Data storytelling is an effective way to get your team and your users the answers they need with a minimum amount of time and effort committed on their part. The more digital everything gets, the more dashboards, spreadsheets, and other business intelligence tools come trickling down from on high. The problem that results from having all these forms of interpretation is that while dashboards and spreadsheets are great at telling you what happened, they’re not nearly as good at telling you why it happened.

In short, the need for human intervention in manual reporting and data wrangling slows down the process of communicating what data is finding in an organization.

While there are numerous great tools capable of presenting data in tables and charts, they lack the extremely important component of a narrative that can more effectively and efficiently communicate both information and key insights.

Data storytelling is a method of communicating information that is custom-fit for a specific audience and offers a compelling narrative to prove a point, highlight a trend, make a sale, or all of the above. Sharing stories to share information is a human tradition that dates back as far as our distant ancestors gathered around a fire or painting pictures on cave walls.

Plenty of scientific evidence exists that shows storytelling as the primary form of how knowledge was transmitted from one large group of people to another, and how stories, traditions, and mythology was passed on from one generation to the next. You can see a timeline of this in Matt Peters’s article “The History of Storytelling in 10 Minutes”.

The arrival of data storytelling allows us to put a human perspective on a data set and convey emotion and intuition seamlessly. Data storytelling combines three critical components, storytelling, data science, and visualizations, to create not just a colorful chart or graph, but a work of art that carries forth a narrative complete with a beginning, middle, and end.

Good data stories have three key components: data, narrative, and visuals. You can see a diagram illustrating this from Brent Dykes in Figure 2-6.

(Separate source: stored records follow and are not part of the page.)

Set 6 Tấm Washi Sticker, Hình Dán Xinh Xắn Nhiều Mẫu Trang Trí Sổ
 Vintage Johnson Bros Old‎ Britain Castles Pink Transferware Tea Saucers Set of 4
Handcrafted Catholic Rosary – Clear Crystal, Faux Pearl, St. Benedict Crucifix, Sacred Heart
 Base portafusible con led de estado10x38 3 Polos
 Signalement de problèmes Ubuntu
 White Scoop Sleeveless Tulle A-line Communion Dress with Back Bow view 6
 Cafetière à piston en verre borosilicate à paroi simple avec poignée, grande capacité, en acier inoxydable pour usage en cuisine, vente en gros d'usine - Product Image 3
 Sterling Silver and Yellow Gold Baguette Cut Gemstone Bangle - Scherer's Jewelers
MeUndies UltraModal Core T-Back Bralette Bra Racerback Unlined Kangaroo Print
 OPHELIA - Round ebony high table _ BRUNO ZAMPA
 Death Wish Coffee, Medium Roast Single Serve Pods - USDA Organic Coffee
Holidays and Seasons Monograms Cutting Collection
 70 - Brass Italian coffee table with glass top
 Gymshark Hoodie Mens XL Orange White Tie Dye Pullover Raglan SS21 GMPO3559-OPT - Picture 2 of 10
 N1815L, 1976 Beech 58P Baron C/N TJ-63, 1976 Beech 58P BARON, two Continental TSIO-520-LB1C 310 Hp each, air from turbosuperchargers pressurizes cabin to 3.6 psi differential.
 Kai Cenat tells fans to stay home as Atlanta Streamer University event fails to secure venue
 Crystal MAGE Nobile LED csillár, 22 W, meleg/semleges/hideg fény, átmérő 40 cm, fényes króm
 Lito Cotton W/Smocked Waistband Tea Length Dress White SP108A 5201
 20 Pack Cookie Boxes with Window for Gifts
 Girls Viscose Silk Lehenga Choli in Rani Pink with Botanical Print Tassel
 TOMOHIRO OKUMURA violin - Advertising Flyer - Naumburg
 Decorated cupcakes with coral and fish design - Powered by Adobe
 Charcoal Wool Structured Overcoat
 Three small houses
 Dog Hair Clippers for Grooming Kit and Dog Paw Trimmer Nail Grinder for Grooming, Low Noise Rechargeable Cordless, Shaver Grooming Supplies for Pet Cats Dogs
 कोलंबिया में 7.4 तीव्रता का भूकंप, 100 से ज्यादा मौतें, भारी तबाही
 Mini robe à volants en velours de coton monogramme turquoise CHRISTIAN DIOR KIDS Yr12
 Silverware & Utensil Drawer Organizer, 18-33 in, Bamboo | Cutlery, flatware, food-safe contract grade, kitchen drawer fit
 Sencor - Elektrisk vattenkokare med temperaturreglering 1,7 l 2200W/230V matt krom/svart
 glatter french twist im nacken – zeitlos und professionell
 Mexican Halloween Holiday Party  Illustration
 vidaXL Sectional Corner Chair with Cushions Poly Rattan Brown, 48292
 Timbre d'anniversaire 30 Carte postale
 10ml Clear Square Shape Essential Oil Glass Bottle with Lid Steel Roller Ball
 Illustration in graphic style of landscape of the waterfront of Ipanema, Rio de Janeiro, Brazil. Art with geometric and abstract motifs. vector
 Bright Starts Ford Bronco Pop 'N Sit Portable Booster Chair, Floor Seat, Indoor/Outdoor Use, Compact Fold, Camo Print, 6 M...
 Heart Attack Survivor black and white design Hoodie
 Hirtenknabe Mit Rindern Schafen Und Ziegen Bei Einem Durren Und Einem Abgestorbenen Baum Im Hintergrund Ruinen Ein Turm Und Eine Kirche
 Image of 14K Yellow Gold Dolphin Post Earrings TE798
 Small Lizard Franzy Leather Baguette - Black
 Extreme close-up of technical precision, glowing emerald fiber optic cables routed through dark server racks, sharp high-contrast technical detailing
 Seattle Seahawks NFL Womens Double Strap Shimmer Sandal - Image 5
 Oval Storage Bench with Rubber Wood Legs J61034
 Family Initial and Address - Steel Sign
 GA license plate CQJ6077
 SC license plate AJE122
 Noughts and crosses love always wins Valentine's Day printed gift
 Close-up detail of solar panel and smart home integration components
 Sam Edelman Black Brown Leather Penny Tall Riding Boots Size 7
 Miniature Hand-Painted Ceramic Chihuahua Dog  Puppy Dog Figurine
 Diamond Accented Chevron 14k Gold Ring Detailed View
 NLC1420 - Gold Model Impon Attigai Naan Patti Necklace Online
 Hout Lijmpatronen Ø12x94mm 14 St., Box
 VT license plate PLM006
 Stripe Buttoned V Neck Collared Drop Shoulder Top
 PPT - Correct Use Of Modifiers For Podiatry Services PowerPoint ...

Figure 2-6. The components of an effective data story9

The data part is fairly obvious—data has to be accurate for the correct insights to be achieved. The narrative has to give a voice to the data in simple language, turning each data point into a character in the story with its own tale to tell. The visuals are what we are most concerned about. They have to allow us to be able to find trends and patterns in our datasets and do so easily and specifically. The last thing we want is for the most important points to be buried in rows and columns.

As stated by the well-known data visualization expert, Stephen Few, “Numbers have an important story to tell. They rely on you to give them a clear and convincing voice.”10 Therefore if you have an insight that you want to share, it’s best to share it in the form of a data story.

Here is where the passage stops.